In order to further improve the electrochemical performance of electrode materials, in recent years, researchers have often adopted a variety of carbon coating synergistic modification strategies to combine the characteristics of different carbon materials to achieve the purpose of comprehensively improving the performance of materials. Xu et al.¹⁶³ constructed a 3D rGO shell-supported NVPF nanocuboid (NVPF@C@rGO) by a two-step method with the assistance of PVA. Among them, PVA plays a vital role in the preparation process. It regulates the interaction between the active NVPF particles and the rGO layer through the hydrogen bond between its hydroxyl group and rGO, resulting in a 3D framework composed of an NVPF nanocuboid and conformal coating rGO layer (Fig. 10aI–IV). With this unique structure, NVPF@C@rGO exhibits excellent sodium storage performance and cycle stability. In order to improve the poor cycle stability caused by the low conductivity of Na₄MnCr(PO₄)₃ and the Jahn–Teller effect of Mn³⁺, Chen et al.¹⁶⁴ selected a multi-carbon layer strategy to prepare NMCP@C@PVP@CNTs composites (Fig. 10bII–IV). In this strategy, the excellent conductivity of CNTs can effectively improve the capacity and rate performance of the material. PVP not only improves the conductivity of the material but also helps to improve the cycle stability of the material. On the one hand, the incomplete combustion of PVP forms a carbon coating with abundant defects. On the other hand, PVP, as a non-ionic surfactant, forms micelles and disperses particles in aqueous solution, which effectively regulates the shape and size of particles and alleviates the lattice stress caused by Jahn–Teller distortion of Mn³⁺ during charging and discharging. Finally, NMCP@C@PVP@CNTs exhibited a higher sodium diffusion coefficient (D_Na⁺ about 2.3 × 10⁻¹² cm² s⁻¹), conductivity (R_p = 103 Ω) and cycle stability (Fig. 10bI).

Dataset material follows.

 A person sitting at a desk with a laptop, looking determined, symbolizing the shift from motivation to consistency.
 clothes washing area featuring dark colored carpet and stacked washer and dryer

Fig. 10 (a) (I and II) SEM and (III and IV) TEM images of NVPF@C@rGO. Reproduced with permission from ref. 163 Copyright 2024, Elsevier. (b) (I) Long-term cycle performance of NMCP series samples at a high rate of 5C. (II) SEM, (III)TEM, and (IV) HR-TEM images of NMCP@C@PVP@CNTs. Reproduced with permission from ref. 164 Copyright 2024, Elsevier. (c) Schematic illustrations of the electrode/electrolyte interface mechanism. Reproduced with permission from ref. 168 Copyright 2023, Elsevier.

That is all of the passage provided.